How does clothing keep us warm?
Our skin is cooled primarily by convection currents in the air. Clothing, especially wool, traps air in small pockets, which reduces or eliminates convection. There can still be conductive cooling through the cloth, but cloth is a good insulator.
Home insulation, like styrofoam panels, fibreglass or blown-in cellulose act like clothing in reducing heat transmission by convection. Home insulation is rated by its R value of resistance to energy transfer. R is the inverse of conduction: R =1/U.

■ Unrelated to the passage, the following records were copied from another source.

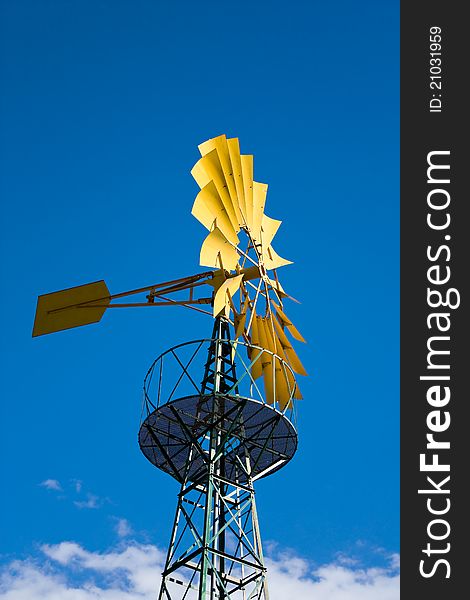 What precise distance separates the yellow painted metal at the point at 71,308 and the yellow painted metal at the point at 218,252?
12.4 feet

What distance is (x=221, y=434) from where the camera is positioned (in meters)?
17.4

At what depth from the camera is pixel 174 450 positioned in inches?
712

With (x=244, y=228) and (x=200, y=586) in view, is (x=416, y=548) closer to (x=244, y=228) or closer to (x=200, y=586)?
(x=200, y=586)

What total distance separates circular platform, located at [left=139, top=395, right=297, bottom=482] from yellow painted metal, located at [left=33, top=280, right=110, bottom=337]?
171 inches

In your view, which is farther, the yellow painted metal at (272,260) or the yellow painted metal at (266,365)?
the yellow painted metal at (272,260)

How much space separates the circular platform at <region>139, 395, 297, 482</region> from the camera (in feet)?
56.3

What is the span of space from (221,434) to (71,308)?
19.1 feet

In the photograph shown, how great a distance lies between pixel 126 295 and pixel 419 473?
968 centimetres

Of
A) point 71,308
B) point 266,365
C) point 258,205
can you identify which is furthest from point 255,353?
point 71,308

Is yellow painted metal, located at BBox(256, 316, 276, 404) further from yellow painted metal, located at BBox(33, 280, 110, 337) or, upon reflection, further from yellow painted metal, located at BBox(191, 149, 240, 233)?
yellow painted metal, located at BBox(33, 280, 110, 337)

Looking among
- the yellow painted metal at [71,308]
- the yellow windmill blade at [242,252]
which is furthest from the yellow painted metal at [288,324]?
the yellow painted metal at [71,308]

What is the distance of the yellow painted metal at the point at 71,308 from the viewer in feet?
68.8

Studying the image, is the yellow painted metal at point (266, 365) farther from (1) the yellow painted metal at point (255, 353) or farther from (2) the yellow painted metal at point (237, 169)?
(2) the yellow painted metal at point (237, 169)

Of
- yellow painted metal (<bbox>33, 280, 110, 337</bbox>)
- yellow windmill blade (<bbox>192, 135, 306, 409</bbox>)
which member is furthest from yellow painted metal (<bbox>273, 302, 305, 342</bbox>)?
yellow painted metal (<bbox>33, 280, 110, 337</bbox>) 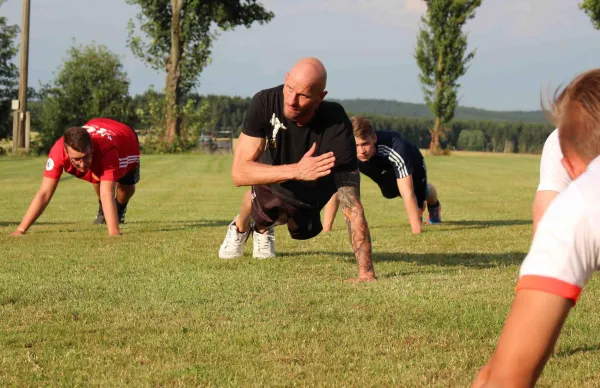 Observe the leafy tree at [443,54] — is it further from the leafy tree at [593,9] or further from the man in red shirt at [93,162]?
the man in red shirt at [93,162]

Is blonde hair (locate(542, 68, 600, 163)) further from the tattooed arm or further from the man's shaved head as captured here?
the tattooed arm

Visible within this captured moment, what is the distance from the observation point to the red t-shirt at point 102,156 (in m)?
11.1

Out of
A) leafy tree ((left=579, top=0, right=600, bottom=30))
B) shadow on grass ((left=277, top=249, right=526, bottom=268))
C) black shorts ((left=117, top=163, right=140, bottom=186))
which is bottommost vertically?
shadow on grass ((left=277, top=249, right=526, bottom=268))

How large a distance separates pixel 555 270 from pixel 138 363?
3115 mm

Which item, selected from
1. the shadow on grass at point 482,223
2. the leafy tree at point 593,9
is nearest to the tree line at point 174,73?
the leafy tree at point 593,9

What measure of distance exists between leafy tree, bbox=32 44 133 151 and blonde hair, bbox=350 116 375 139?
53.7 m

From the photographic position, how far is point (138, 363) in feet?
15.3

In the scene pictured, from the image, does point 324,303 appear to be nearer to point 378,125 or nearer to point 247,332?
point 247,332

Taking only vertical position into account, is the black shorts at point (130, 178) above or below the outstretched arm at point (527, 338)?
below

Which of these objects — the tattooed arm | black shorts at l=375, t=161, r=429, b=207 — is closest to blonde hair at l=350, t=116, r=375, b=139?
black shorts at l=375, t=161, r=429, b=207

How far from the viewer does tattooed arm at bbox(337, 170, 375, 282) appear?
24.8 feet

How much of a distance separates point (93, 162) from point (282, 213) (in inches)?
166

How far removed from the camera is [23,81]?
1759 inches

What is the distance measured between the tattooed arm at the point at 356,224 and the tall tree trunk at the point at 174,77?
47.2m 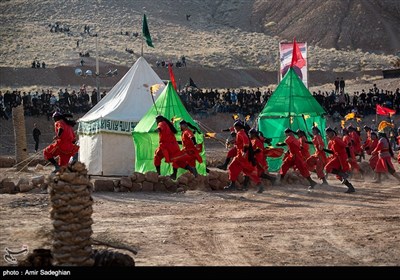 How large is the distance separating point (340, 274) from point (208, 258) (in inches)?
91.6

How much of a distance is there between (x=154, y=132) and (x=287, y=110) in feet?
17.7

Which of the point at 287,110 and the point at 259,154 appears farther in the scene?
the point at 287,110

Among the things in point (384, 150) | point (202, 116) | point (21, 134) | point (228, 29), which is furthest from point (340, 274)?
point (228, 29)

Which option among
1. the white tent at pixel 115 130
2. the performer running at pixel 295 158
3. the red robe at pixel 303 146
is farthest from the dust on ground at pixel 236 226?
the white tent at pixel 115 130

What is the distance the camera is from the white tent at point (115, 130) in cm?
2030

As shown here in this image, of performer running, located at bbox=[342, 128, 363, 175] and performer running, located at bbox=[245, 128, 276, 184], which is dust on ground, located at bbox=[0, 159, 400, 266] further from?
performer running, located at bbox=[342, 128, 363, 175]

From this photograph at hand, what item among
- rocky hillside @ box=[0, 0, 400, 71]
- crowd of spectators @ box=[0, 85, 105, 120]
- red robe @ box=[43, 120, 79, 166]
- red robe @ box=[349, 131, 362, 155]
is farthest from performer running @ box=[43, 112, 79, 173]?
rocky hillside @ box=[0, 0, 400, 71]

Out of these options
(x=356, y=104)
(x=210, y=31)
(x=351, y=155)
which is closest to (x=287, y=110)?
(x=351, y=155)

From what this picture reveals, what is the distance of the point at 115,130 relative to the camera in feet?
66.6

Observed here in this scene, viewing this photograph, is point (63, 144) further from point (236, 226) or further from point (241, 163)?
point (236, 226)

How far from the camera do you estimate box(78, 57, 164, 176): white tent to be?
66.6 ft

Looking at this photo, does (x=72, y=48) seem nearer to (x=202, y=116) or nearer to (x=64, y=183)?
(x=202, y=116)

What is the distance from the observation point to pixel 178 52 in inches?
2753

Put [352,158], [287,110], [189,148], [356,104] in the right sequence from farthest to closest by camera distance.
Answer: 1. [356,104]
2. [287,110]
3. [352,158]
4. [189,148] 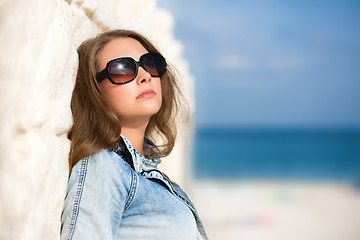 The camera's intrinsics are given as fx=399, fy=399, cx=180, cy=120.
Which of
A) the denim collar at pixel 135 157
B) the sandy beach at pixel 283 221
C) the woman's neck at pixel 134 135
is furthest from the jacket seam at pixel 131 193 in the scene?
the sandy beach at pixel 283 221

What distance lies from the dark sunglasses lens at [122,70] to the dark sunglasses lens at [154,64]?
0.09 metres

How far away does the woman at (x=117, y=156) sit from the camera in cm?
145

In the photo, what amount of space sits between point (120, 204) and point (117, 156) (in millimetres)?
200

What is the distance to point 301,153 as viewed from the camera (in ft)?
154

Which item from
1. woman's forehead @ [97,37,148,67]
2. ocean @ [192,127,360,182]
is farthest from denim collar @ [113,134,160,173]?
ocean @ [192,127,360,182]

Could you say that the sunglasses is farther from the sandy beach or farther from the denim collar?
the sandy beach

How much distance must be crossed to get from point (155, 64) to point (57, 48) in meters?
0.70

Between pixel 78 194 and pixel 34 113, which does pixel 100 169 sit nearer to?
pixel 78 194

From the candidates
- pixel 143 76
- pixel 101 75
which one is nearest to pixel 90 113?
pixel 101 75

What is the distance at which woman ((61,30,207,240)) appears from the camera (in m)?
1.45

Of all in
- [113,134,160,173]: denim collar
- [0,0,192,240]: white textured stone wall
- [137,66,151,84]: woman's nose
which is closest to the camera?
[0,0,192,240]: white textured stone wall

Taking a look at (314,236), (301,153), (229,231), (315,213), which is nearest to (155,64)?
(229,231)

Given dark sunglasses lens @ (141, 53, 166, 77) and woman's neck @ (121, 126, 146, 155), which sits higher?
dark sunglasses lens @ (141, 53, 166, 77)

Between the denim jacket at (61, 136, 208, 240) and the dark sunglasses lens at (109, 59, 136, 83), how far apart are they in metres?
0.33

Air pockets within snow and ice function as excellent insulators. Many small mammals build snow dens to keep themselves warm, thereby taking advantage of the insulating properties of the snow. Natives of the Arctic build igloos that also keep the inhabitants warm by reducing loss by convection.
Many farmers protect their crops during sub-zero temperatures by spraying water on the crops, and when the water freezes, the plants are insulated by the poor conductive properties of the ice.
A tile floor feels cooler than a carpeted floor because tile is a better conductor, that is, mover, of heat. Both materials are actually the same temperature; however, because tile is a better conductor of heat than carpeting, when your hot foot makes contact with the tile it heats the top layer and the heat flows quickly through the tile. That makes the tile feel cool to your foot. The carpet is a poorer conductor. The top layer can remain warm while the lower layers stay cool. Much less heat flows from your foot to the floor, so the carpet feels warmer to your foot. This is another example of heat flow by means of conduction.